The idea seems to be that, had things gone differently in our evolutionary history—and they easily might have—the method by which we arrived at our current moral beliefs would have produced radically different moral beliefs. And so, imagining that we “rewind the tape,” so to speak, and rely on the same method of moral belief formation that we actually used, we’ll see that we easily might have arrived at moral beliefs that, by our own lights, would have been false. And that, one might think, shows that our moral beliefs were not formed safely, and so do not count as genuine knowledge.
Finally, here’s Sharon Street (2006) putting the evolutionary challenge to moral realism in terms of luck and coincidence:
[T]he realist must hold that an astonishing coincidence took place—claiming that as a matter of sheer luck, evolutionary pressures affected our evaluative attitudes in such a way that they just happened to land on or near the true normative views among all the conceptually possible ones.
And Matthew Bedke (2009) has it that “cosmic coincidence” is a defeater for intuitive non-naturalism; like Street, he too seems to gesture toward this non-accidentality, anti-luck condition on knowledge. We have good textual reason, then, to suspect that accidentality is the “active ingredient” in evolutionary debunking arguments.
So these authors seem to think that a successful evolutionary debunking argument will have roughly this form:
1. [Insert facts of evolution here]
2. Therefore, my moral beliefs were not formed sensitively, or safely, or non-accidentally.
3. Therefore, my moral beliefs don’t count as genuine knowledge.
Of course, this argument’s success will depend on what we insert into that first premise! Exactly what are those facts of evolution that entail that our moral faculties are insensitive, unsafe, or accidentally true if true at all? That's been left unclear in the literature.
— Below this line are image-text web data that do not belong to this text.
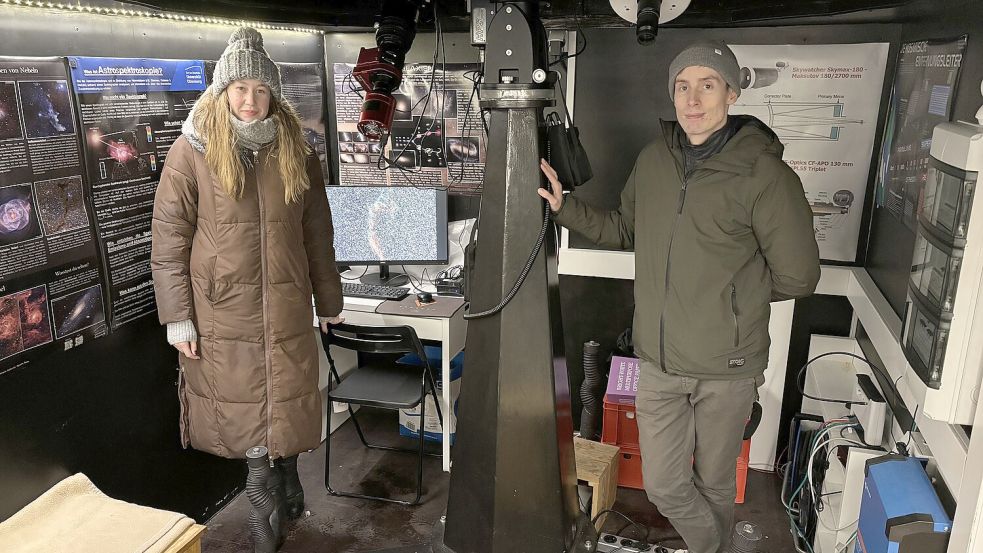 Delia Gauk und Jona Schrader gehören zu den Studenten, die ihr Wissen über das Weltall derzeit im Tiny Observatorium in Visquard weitergeben. Foto: Weiden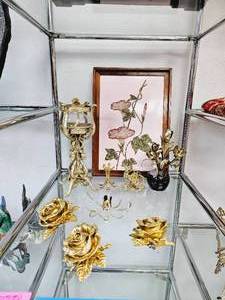 lot 34 image: Lot of Flower Figurines and Floral Art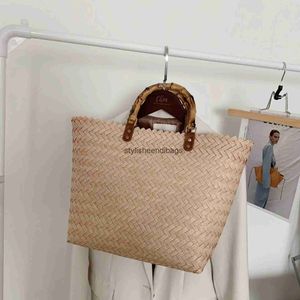 Totes 2024braid BagWoven Beach Straw Rattan Top Handle Bags Shoulder Bag Female Bohemia Travel Shopping Tote Bag Handbag Women BagH24218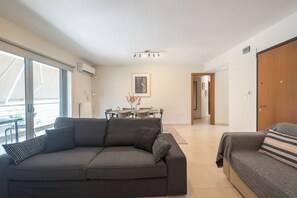 Living area - Cozy 2 bedroom flat near Gazi (Athina)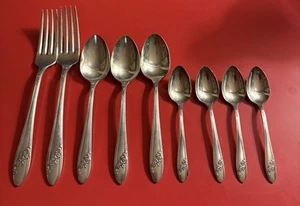 9ct Spoon 4.5” Sugar Forks Oneida Community QUEEN BESS II Tudor Silver Plate - Picture 1 of 8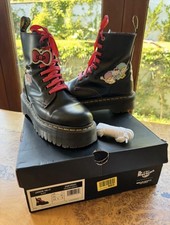 Dr Martens *RARE* Hello Kitty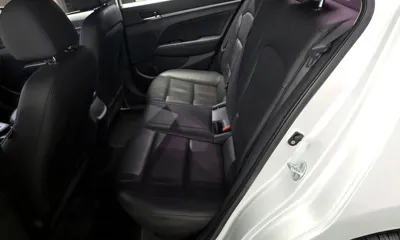 Hyundai Avante 2017, 53456 км, за 6440.29 USD - фото 12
But we can still make progress in evaluating this argument. For reasons we considered vis-à-vis the problem of contingency for religious belief, we can say three things for sure. First, as I argued previously, that inference from 2 to 3 is dubious, so the moral skeptic will have to fashion another version of the evolutionary debunking argument. Second, If the facts of evolution that are meant to carry us to premise 2 are merely facts about the contingency of our evolutionary history, facts about how easily our moral sense might have delivered beliefs that would be false by our own lights had we evolved differently, etc., then the first inference will be vulnerable to the objections we discussed last time.
Third, it looks like the problem of self-defeat will be less pressing for the moral skeptic than it was for the religious skeptic. Everyone—except Phil H in the comments! ;-)—has beliefs on religious topics and therefore will have to answer to the problem of contingency for religious belief. But genuine moral skeptics might plausibly withhold judgment on any moral topic, and they might claim that their skepticism resulted not from the use of their moral faculties but by the use of their rational faculties, faculties that aren’t undermined by the facts of evolution.
And moral realists can’t avail themselves of that exemption. Unless of course they think their moral faculties just are (among) their rational faculties, or that our moral sense is analogous to our rational faculties in crucial respects.
And some philosophers do think that. We might call them “Rationalists,” and they think our moral judgments do not rely crucially on any mental intermediate, any sentiment, seeming, “gut feeling,” “affect-laden intuition,” etc. Rather, we just see the truth of certain moral propositions in an immediate, non-inferential way, as we just see that e.g. Gettier’s Smith had JTB but no knowledge. Philosophers we might call “Sentimentalists” think otherwise: our moral judgments do rely crucially on some mental intermediary.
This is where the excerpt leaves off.